COLLECTED DATA
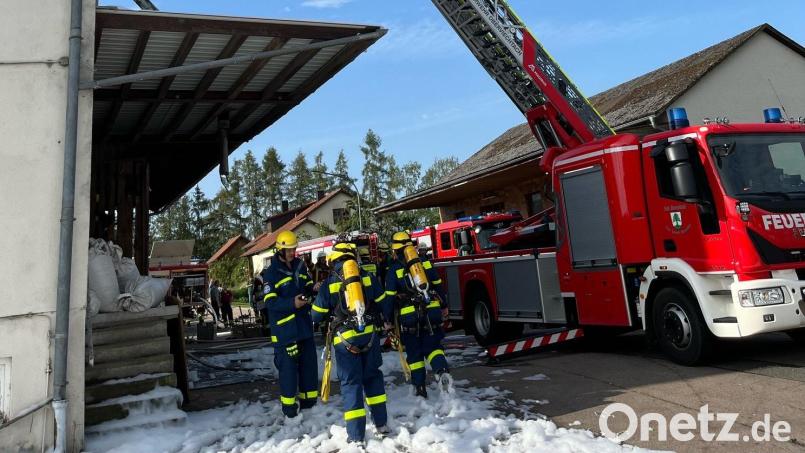 Nicht nur mit Wasser, auch mit Schaum wurde der Brand im Lagerhaus von Weidenthal gelöscht. Schadenshöhe und Ursache sind nun ein Fall für Gutachter. Bild: ihl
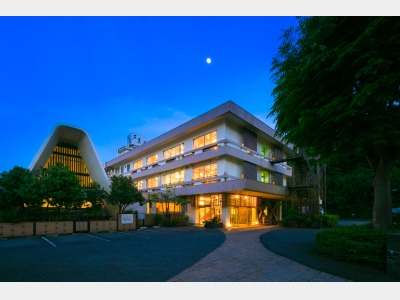 万葉荘外観(夜)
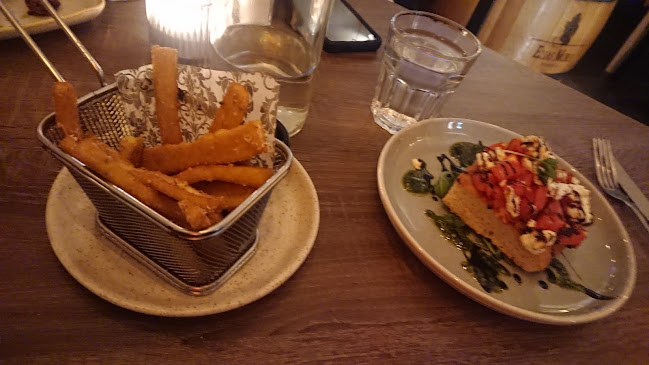 Comentarii opinii despre D'Vine Bistro & Tapas Bar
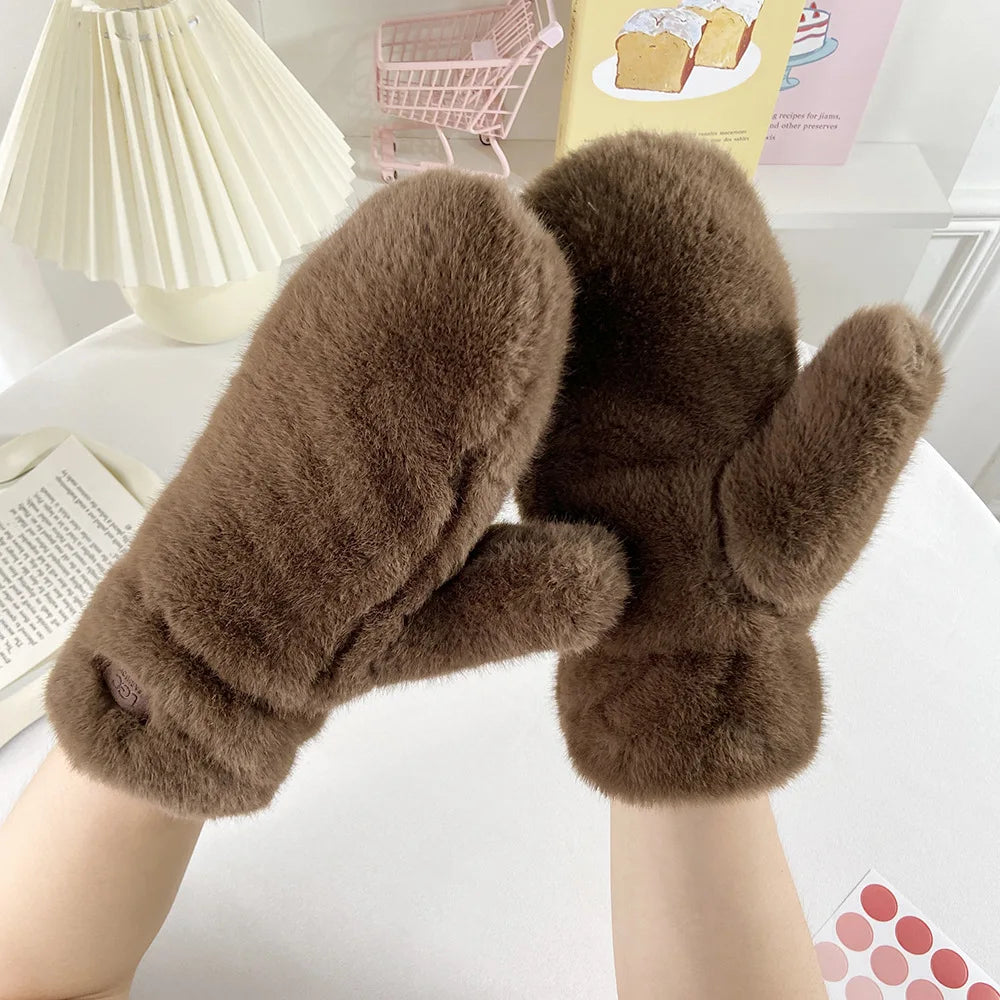 Winter Mittens with Heat Retention and Full Coverage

ABOUT THIS TASK
Your reply must match the data above line for line, except that it holds no pictures.

WRITTEN SOLUTION
 Nicht nur mit Wasser, auch mit Schaum wurde der Brand im Lagerhaus von Weidenthal gelöscht. Schadenshöhe und Ursache sind nun ein Fall für Gutachter. Bild: ihl
 万葉荘外観(夜)
 Comentarii opinii despre D'Vine Bistro & Tapas Bar
 Winter Mittens with Heat Retention and Full Coverage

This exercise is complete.